April 3 (Reuters) - London shares fell on Thursday as investors worldwide abandoned risky assets following U.S. President Donald Trump's announcement of aggressive reciprocal tariffs, stoking widespread fears of a global recession.

The blue-chip FTSE 100 fell 1.4% as of 1027 GMT and the midcap FTSE 250 index dropped 1.3%

Trump's plan - a combination of a 10% baseline levy and higher duties on a number of other trading partners - reverses decades of liberalisation that shaped the global trade order.

The base 10% tariffs go into effect on April 5 and the higher reciprocal rates on April 9. Tariffs of 25% on vehicle imports took effect at midnight.

Britain was spared the most punitive treatment in Trump's tariff announcement on Wednesday when it was hit with the lowest import duty rate of 10%. London said that decision vindicated its approach of trying to strike a new economic partnership with the United States, rather than meeting fire with fire.

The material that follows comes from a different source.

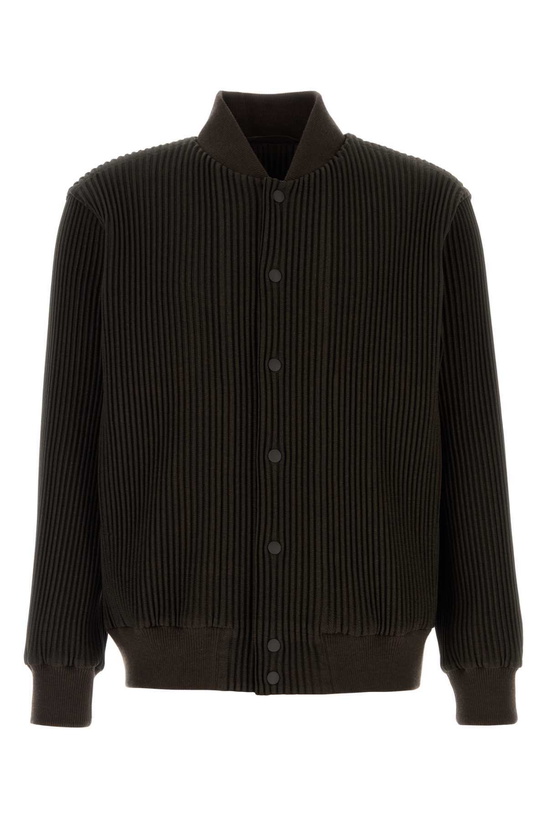 Photo: Homme Plissé Issey Miyake Dark Brown Polyester Bomber Jacket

Business Minister Jonathan Reynolds warned the tariffs pose "a threat" to Britain through their impact on global trade. He highlighted particular concerns about potential damage to the country's automotive manufacturing industry.

Meanwhile, investors added to bets on Bank of England interest rate cuts with government bond yields falling sharply after the tariffs announcement.

Interest rate futures on Thursday pointed to about 62 basis points of reductions to the BoE's benchmark Bank Rate by December, compared with around 54 bps on Wednesday, which represented a full pricing of two quarter-point rate cuts.

UK's utilities shares, often traded as a bond proxy owing to their stable income regardless of economic situation, touched a five-month high, rising 3%.

Severn Trent, United Utilities Group and SSE were among the top percentage gainers on the blue-chip index, each rising more than 3%.

The rate-sensitive real estate sector climbed 1.7%.

UK banks' shares fell sharply along with other European peers, as the new U.S. tariffs stoked worries about economic growth of the world's largest economy.

Standard Chartered, HSBC Holdings and Barclay's were among the worst performers on the blue-chip index, falling between 5.2% and 7.5%.

Among individual stocks, Currys jumped 14.2% after the electricals retailer raised annual profit forecast.